Ce qui faisait très peur, c’est que Gwëll ne répondait pas. Et Astragal, ben, il avait pas besoin de ça en plus. Elle avait froncé les sourcils et c’était bizarre. Elle avait jamais vu Gwëll en colère, jamais. Jamais non plus elle n’avait entendu des cris de cette fille. Et puis, les autres, ils disaient toujours que les dessinateurs c’était pas pareil… alors elle ne pouvait pas s’offenser parce qu’Astra, grande bête, mettait ses capacités guerrières en doute, hein ?
Parce qu’au contraire, ça lui aurait fait grave grave grave plaisir que Gwëll en ait, et de sacrées. Ca lui éviterait un taaaaaas d’embêtement, si les gardes pouvaient ne pas les voir. Peut-être que ceux qui dessinaient pouvaient dessiner la réalité, de sorte à ce que les gardes croient voir un truc, ou plutôt, dans leur cas croient qu’il n’y avait que le décor et pas une thülle et une aequor.
Un thüll, corrigea Astra. S’ils nous trouvent, ils trouveront aussi le thüll.
Et ça…

Mais Gwëll fronçait les sourcils, et elle se taisait, et d’ailleurs, Astragal réalisait qu’il n’avait rien écouté de ce qu’elle disait sur la fuite, sûrement parce qu’il n’avait pas envie de partir, lui-même, pas pour de vrai. Et puis elle ne bougeait pas, ça voulait bien dire qu’elle ne voulait pas bouger.
Qu’est-ce qu’elle venait de demander, Gwëll ? Si c’était vrai qu’ils devaient ramper dans la boue ?
Si la situation avait été plus calme, Astragal aurait sans doute été perplexe.
En soi, c’était vrai que des filles comme Gwëll, ou Enelÿe, ou Dame Morienval, ou même Enelÿe, elle ne se les imaginait pas dans la gadoue. Jamais. C’était aussi vrai qu’elle ne parvenait pas à imaginer réellement la vie d’une femme sans ces choses-là.
Sans la réalité en fait.

Qu’elles ne pratiquent pas les exercices martiaux, soit, c’était normal. Mais de là à ne pas les concevoir ?
Les Clegane étaient des thülls. Astragal n’avait toute sa vie durant vécu qu’entre thülls, àl’orée de la jungle d’Hulm. Al-Poll avait été sa première ville, elle lui avait semblé immense incompréhensible. Effrayante, aussi trop de monde, dans tous les sens. Elle ne les avait pas fréquenté. Les seuls non-thülls qu’elle avait fréquenté avant l’Académie étaient les membres d’un clan itinérant, et leur vie était celle de gens du peuple, dans l’attente de combat. Leurs femmes ressemblaient aux femmes thÜlls qui gardaient les clans : farouches et capables de se défendre.

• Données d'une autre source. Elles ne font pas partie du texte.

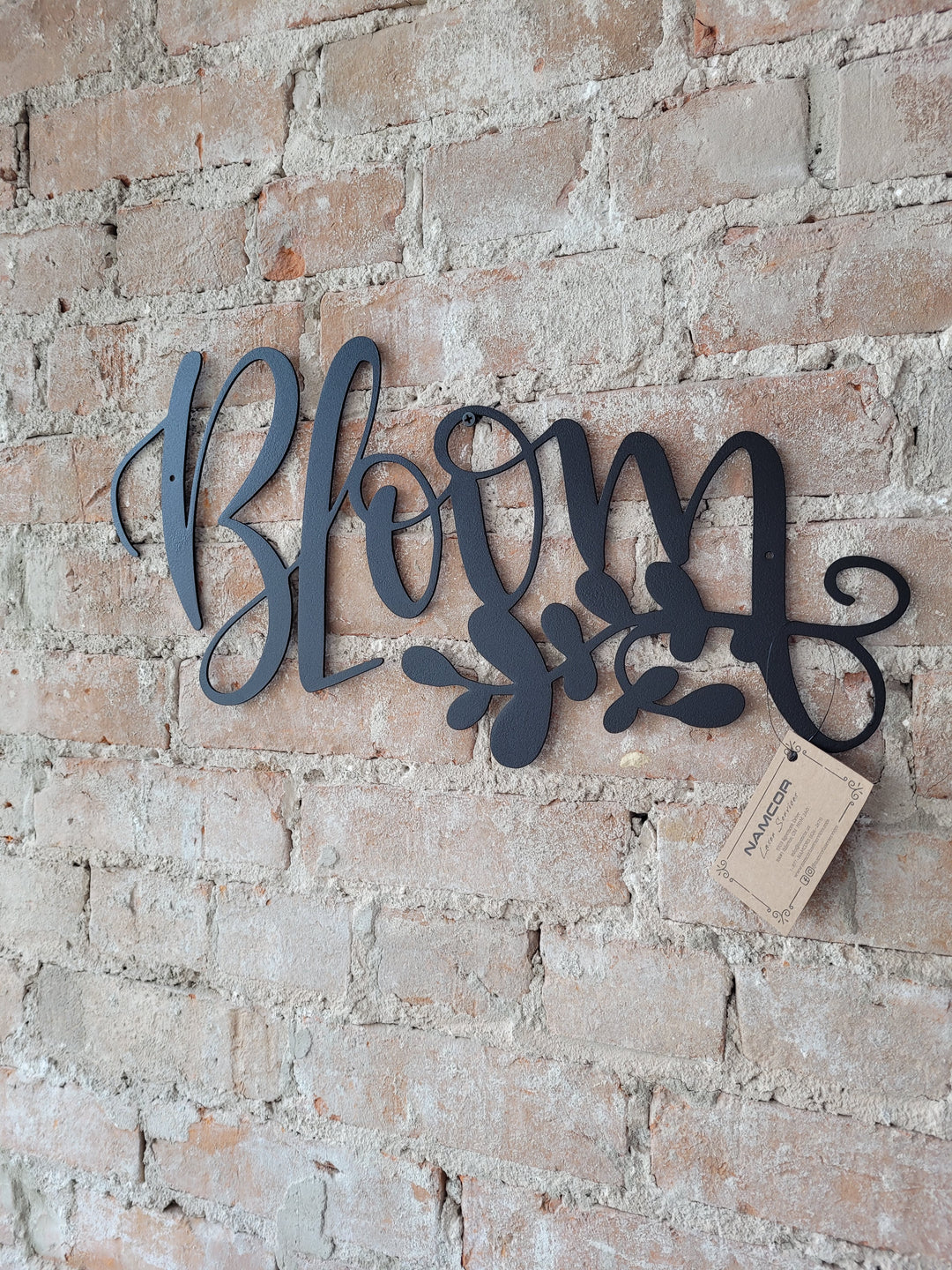 Namcor, Word Art with Laurel Leaves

Les Teylus qui la fréquentaient étaient presque tous des guerriers, tellement que les dessinateurs passaient inaperçus. Et la vie à l’Aca ressemblait à de perpétuelles vacances : on avait que peu de corvées, rien sous le règne de Jehan, on ne devait pas chasser, pas cultiver pas traire, d’autres le faisaient pour soi. Tout le monde se consacrait à l’enseignement. Ce n’était pas la vie réelle, bien sûr, alors ce n’était pas étonnant qu’Astragal ne se soit pas demandé ce que faisaient vraiment les autres de leur journée.
Ni qu’elle ait jamais conceptualisé que la vie d’autres puisse être à ce point dissemblable de la sienne. Ouais, en d’autres circonstances Astragal aurait éclaté de rire devant Gwëll qui parlait de la boue comme de quelque chose d’inconnu et de redoutable. Pourtant, la Teylus n’aimait pas la gadoue, pas du tout. Mais c’était une vieille connaissance de toujours.
C’était comme dire que Gwëll n’avait jamais égorgé une poule.
Non, à côté, ne pas savoir lire, comme Astragal, c’était tout à fait normal.
Elle se serait demandé ce qu’elles faisaient, combien de temps, comment. Comment elles ne s’embêtaient pas. Et puis, elle aurait songé qu’on remplit sa vie de ce qu’on a. Au clan, de famille, de rixes avec les autres, et de corvées. A l’Académie, de cours, de corset, et d’amtié.
Peut-être qu’il y avait encore autre chose, dans les chateaux.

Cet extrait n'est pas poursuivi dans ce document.